Of the 10 167 participants, 793 were HBsAg positive; 745 of the 793 subjects were free of antibodies to HCV or HDV; and 634 of 745 subjects had HBV genotyped. Ten of the 634 subjects (8 with genotype C, one with genotype D, and one with genotype B) were diagnosed as having ultrasonographic cirrhosis (score 8 or higher), while 72 had cirrhosis-like ultrasonographic abnormalities (scores 5-7). Of the 634 subjects, one was diagnosed as having HCC. A crude prevalence of probable cirrhosis (ultrasonographic cirrhosis and cirrhosis-like ultrasonographic abnormalities) was 12.9%. Table 1 shows the demographic and viral characteristics and liver abnormalities of the 634 subjects. There were no significant differences in proportions of age, sex, ALT level, HBeAg positivity, and fatty liver between the subjects infected with genotype B and those with genotype C. Compared with genotype C, HBV genotype B was more frequently seen in those with a high viral load (log10 copies/mL ≥ 4). Of the 634 subjects, 39 were positive for HBeAg. The HBeAg-positive subjects were significantly younger than the HBeAg-negative subjects (25.4 ± 11.2 years vs 42.7 ± 12.4 years, P < 0.001). The subjects with probable cirrhosis were significantly older than those without probable cirrhosis (45.3 ± 10.5 years vs 41.1 ± 13.3 years, P = 0.001). Probable cirrhosis was only found in the HBeAg-negative subjects, and more frequently in the subjects with genotype C than in those with genotype B (14.8% vs 8.0%, P = 0.018). Serum viral load was significantly higher in the HBeAg-negative subjects with abnormal ALT levels than in the HBeAg-negative subjects with normal ALT levels (4.54 ± 2.16 log10 copies/mL vs 3.31 ± 1.36 log10 copies/mL; P < 0.001). However, this association was not found in the HBeAg-positive subjects. Serum ALT level was significantly higher in the subjects with high viral load (≥ 1 × 104 copies/mL) than in those with low viral load (< 1 × 104 copies/mL) (33.9 ± 2.4 U/L vs 22.4 ± 1.9 U/L, P < 0.001). Serum ALT level was significantly higher in the subjects with ultrasonographic cirrhosis (score ≥ 8) than in the HBeAg-negative subjects with ultrasonographic score less than 7 (41.1 ± 1.6 U/L vs 24.1 ± 2.0 U/L, P = 0.026). ALT abnormality was more frequent in HBeAg-negative subjects with probable cirrhosis than those without probable cirrhosis (19.5% vs 7.8%, P = 0.001).

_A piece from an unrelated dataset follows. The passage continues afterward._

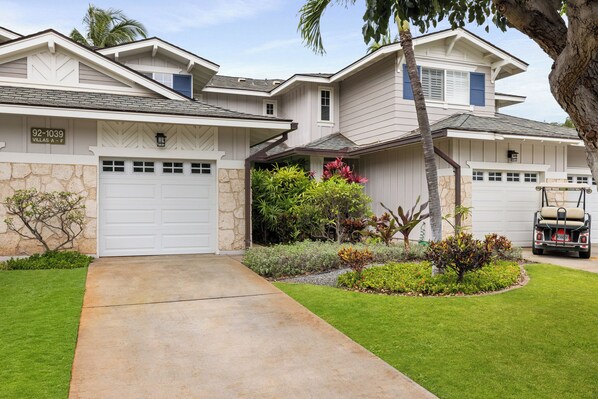Long drive with entrance to right shows single garage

| Variables | Genotype B (n = 199) | Genotype C (n = 411) | Others (n = 24)1 | P value2 |
| Age (yr)3 | 42.1 ± 13.0 | 41.3 ± 12.8 | 43.8 ± 12.8 | 0.493 |
| Gender | ||||
| Male | 116 (58.3) | 228 (55.5) | 16 (66.7) | |
| Female | 83 (41.7) | 183 (44.5) | 8 (33.3) | 0.511 |
| ALT (log10 U/L)3 | 1.4 ± 0.3 | 1.4 ± 0.3 | 1.4 ± 0.2 | 0.238 |
| ≤ 45 U/L | 174 (87.4) | 373 (90.8) | 23 (95.8) | |
| > 45 U/L | 25 (12.6) | 38 (9.2) | 1 (4.2) | 0.207 |
| HBeAg | ||||
| Negative | 186 (93.5) | 385 (93.7) | 24 (100.0) | |
| Positive | 13 (6.5) | 26 (6.3) | 0 | 0.922 |
| HBV DNA levels (log10 copies/mL)3 | 3.7 ± 1.7 | 3.5 ± 1.7 | 3.1 ± 1.1 | 0.194 |
| < 4 | 151 (75.9) | 347 (84.4) | 23 (95.8) | |
| ≥ 4 | 48 (24.1) | 64 (15.6) | 1 (4.2) | 0.011 |
| Fatty liver | ||||
| Yes | 16 (8.0) | 24 (5.8) | 2 (8.3) | |
| No | 183 (92.0) | 387 (94.2) | 22 (91.7) | 0.303 |
| Cirrhosis status | ||||
| Normal | 183 (92.0) | 350 (85.2) | 19 (79.2) | |
| Probable cirrhosis4 | 16 (8.0) | 61 (14.8) | 5 (20.8) | 0.018 |
Table 2 shows the factors associated with probable liver cirrhosis in the HBeAg-negative subjects by univariate and multivariate regression analyses. Age (≥ 45 years vs < 45 years), sex (male vs female), HBV DNA (≥ 4 log10 copies/mL vs < 4 log10 copies/mL), ALT (> 45 U/L vs≤ 45 U/L), and HBV genotypes (genotype C vs genotype B) were included in the models. It was found that age (≥ 45 years), male sex, genotype C, and ALT abnormality were independently associated with probable cirrhosis (AOR = 1.81, 95% CI: 1.10-2.99; AOR = 1.74, 95% CI: 1.03-2.95; AOR = 2.30, 95% CI: 1.26-4.19; AOR = 2.98, 95% CI: 1.48-5.99, respectively).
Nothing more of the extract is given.